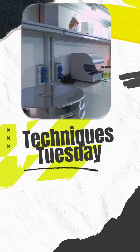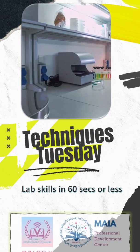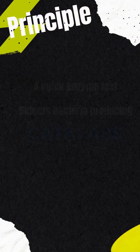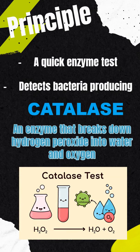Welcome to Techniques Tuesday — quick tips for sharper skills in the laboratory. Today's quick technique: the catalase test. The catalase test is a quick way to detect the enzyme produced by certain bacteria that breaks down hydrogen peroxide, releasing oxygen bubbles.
==
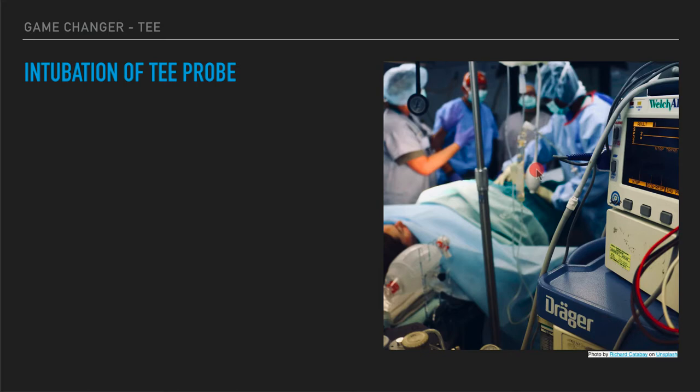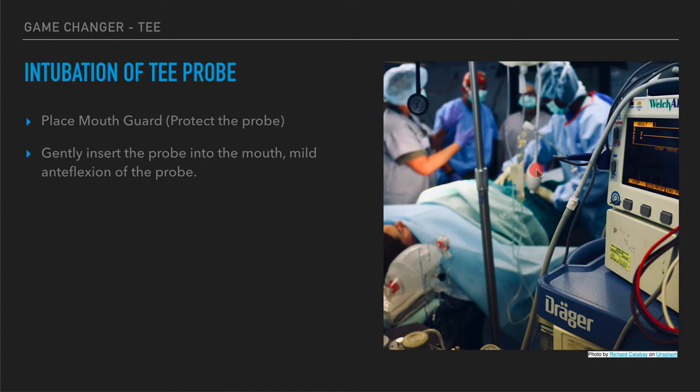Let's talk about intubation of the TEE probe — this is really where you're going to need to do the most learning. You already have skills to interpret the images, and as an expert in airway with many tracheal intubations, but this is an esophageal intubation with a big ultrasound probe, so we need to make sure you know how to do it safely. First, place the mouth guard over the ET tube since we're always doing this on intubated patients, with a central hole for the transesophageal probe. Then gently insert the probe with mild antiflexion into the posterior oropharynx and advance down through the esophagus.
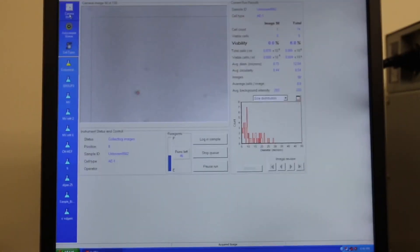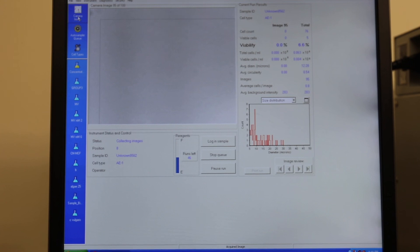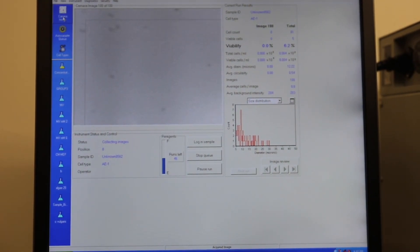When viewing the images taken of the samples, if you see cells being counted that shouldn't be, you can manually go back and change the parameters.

» **WHAT IS BEING ASKED**:
Leaving each picture behind, please give again exactly the lines above from the one with "Let's talk about" through the one with "When viewing the", both included, and no others.

» **ANSWER SECTION**:
Let's talk about intubation of the TEE probe — this is really where you're going to need to do the most learning. You already have skills to interpret the images, and as an expert in airway with many tracheal intubations, but this is an esophageal intubation with a big ultrasound probe, so we need to make sure you know how to do it safely. First, place the mouth guard over the ET tube since we're always doing this on intubated patients, with a central hole for the transesophageal probe. Then gently insert the probe with mild antiflexion into the posterior oropharynx and advance down through the esophagus.
When viewing the images taken of the samples, if you see cells being counted that shouldn't be, you can manually go back and change the parameters.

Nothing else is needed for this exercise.